• Problem requirements
Look below for the line that contains "HAIR TIARA COPPER", then quote it and all the lines after it, exactly, with the pictures left out.
++++++++++++++++++++
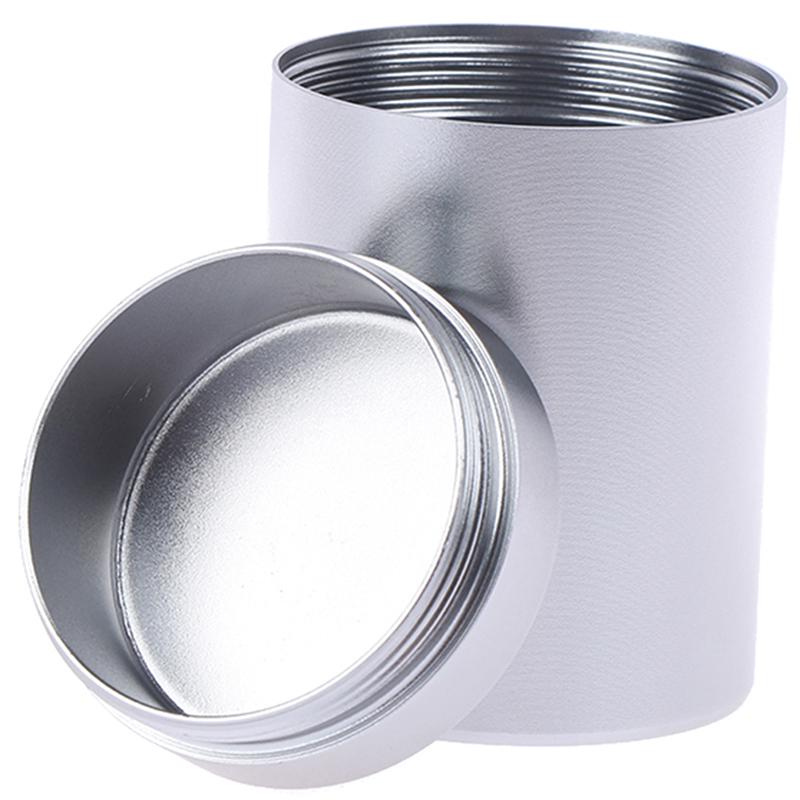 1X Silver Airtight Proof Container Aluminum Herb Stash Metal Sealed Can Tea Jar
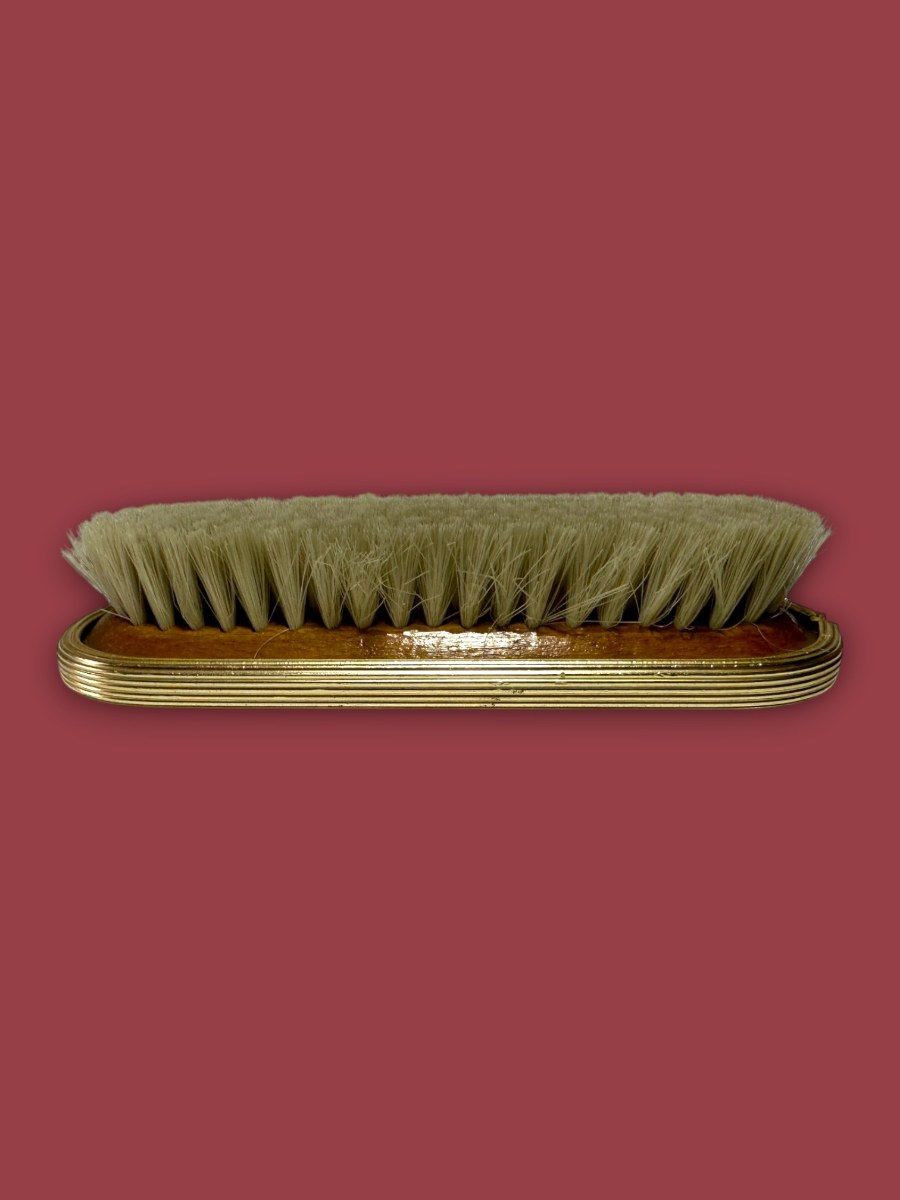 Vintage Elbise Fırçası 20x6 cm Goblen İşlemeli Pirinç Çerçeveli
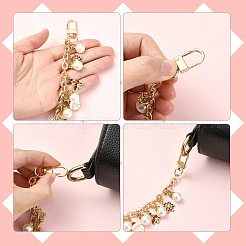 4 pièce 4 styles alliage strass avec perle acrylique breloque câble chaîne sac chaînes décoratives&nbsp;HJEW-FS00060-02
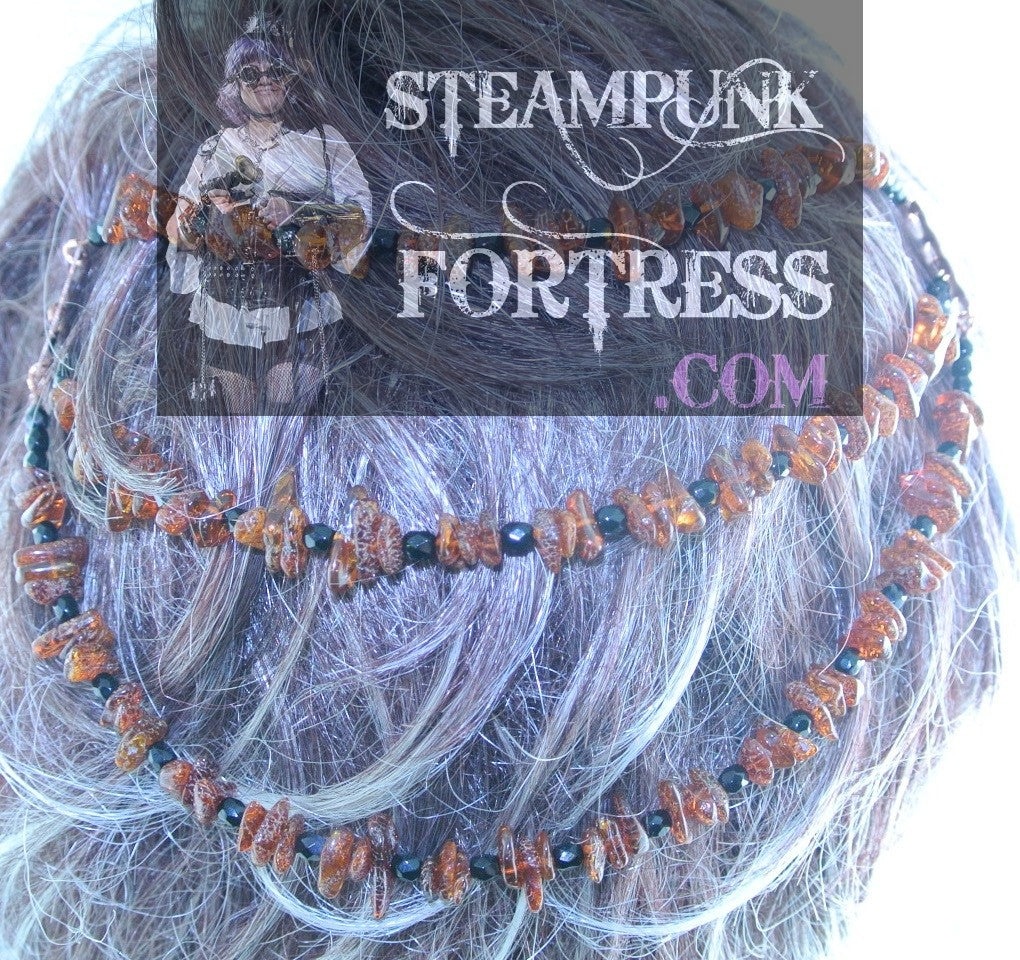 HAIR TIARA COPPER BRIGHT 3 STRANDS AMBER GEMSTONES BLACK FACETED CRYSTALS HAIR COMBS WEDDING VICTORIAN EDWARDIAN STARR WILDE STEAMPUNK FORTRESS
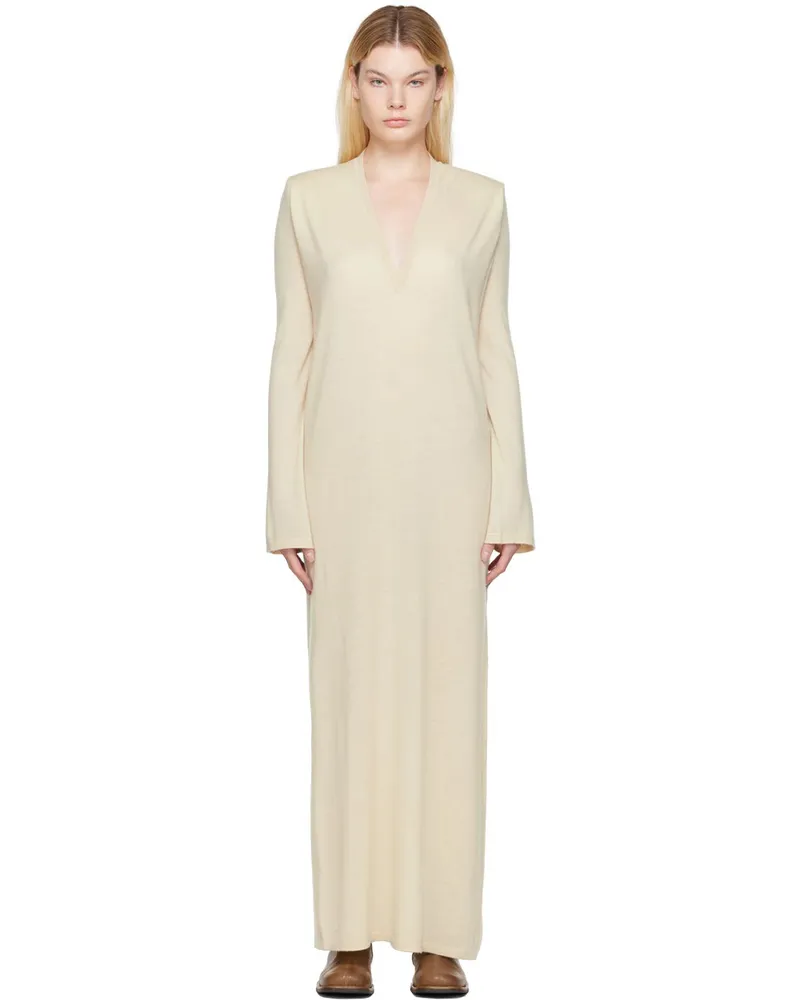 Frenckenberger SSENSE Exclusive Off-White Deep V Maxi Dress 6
++++++++++++++++++++
• Solution to the exercise
 HAIR TIARA COPPER BRIGHT 3 STRANDS AMBER GEMSTONES BLACK FACETED CRYSTALS HAIR COMBS WEDDING VICTORIAN EDWARDIAN STARR WILDE STEAMPUNK FORTRESS
 Frenckenberger SSENSE Exclusive Off-White Deep V Maxi Dress 6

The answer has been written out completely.